* [Supplied material]
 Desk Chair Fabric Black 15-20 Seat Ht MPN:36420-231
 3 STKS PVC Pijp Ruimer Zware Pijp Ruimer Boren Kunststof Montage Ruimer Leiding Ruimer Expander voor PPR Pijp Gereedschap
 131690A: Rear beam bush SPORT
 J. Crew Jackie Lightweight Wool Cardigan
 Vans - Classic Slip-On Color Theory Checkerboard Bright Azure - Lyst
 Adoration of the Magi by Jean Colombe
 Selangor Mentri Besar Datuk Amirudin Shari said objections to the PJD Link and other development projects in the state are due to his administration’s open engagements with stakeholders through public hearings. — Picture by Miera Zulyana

---

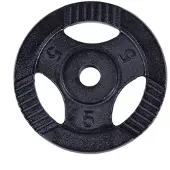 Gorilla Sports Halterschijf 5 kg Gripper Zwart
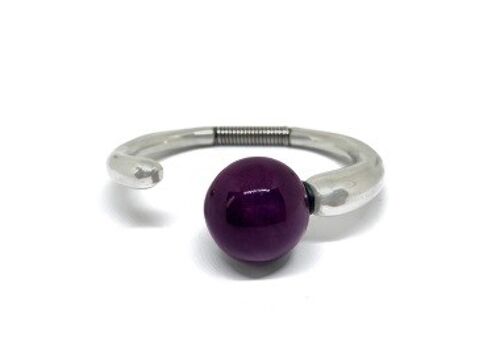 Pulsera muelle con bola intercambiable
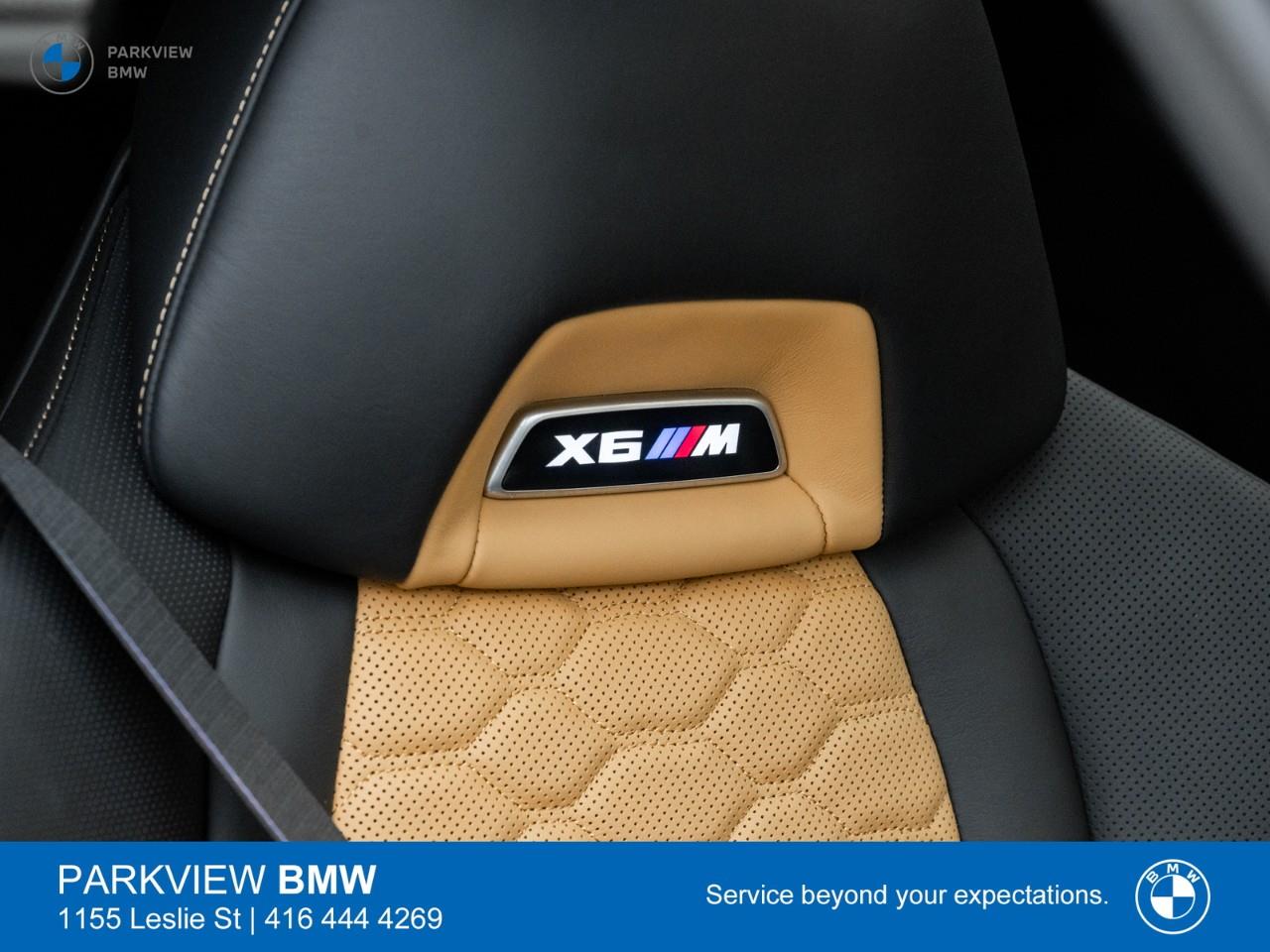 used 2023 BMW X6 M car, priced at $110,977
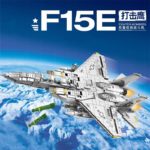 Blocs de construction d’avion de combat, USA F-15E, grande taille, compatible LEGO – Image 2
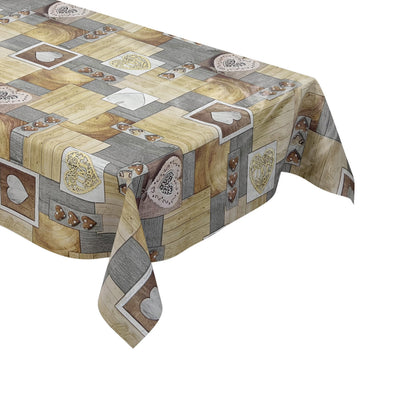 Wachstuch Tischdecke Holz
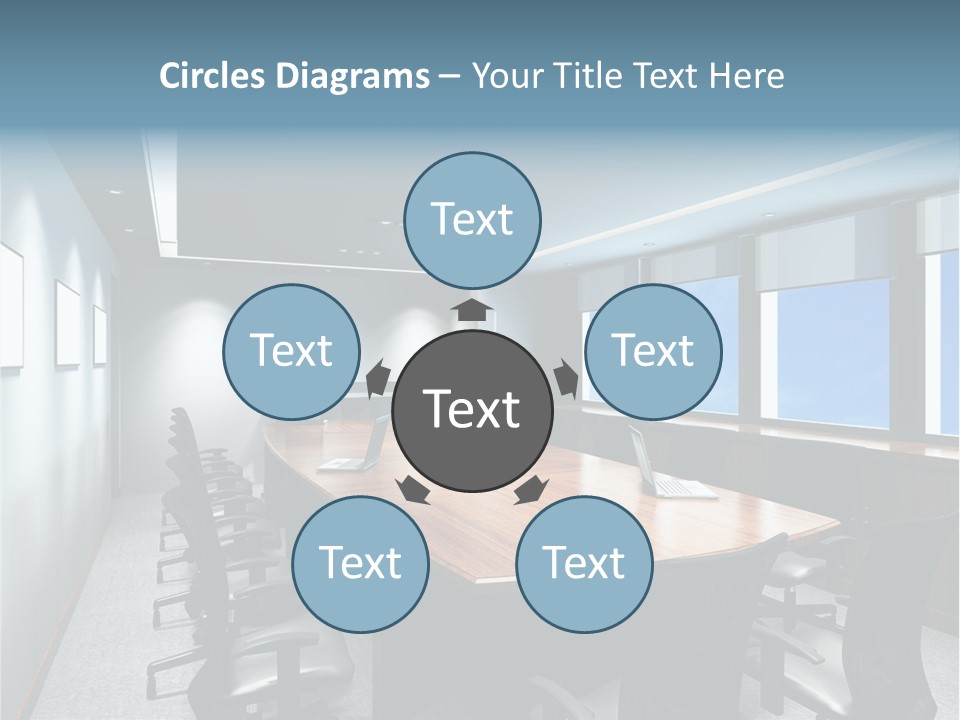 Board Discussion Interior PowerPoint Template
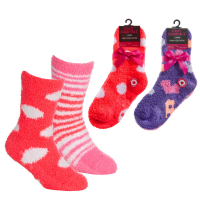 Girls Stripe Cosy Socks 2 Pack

* [Your task] Repeat exactly, and only, the entries from the line with "Blocs de construction" through the line with "Girls Stripe Cosy Socks 2 Pack". Pictures are skipped.

* [Solution to this problem]
 Blocs de construction d’avion de combat, USA F-15E, grande taille, compatible LEGO – Image 2
 Wachstuch Tischdecke Holz
 Board Discussion Interior PowerPoint Template
 Girls Stripe Cosy Socks 2 Pack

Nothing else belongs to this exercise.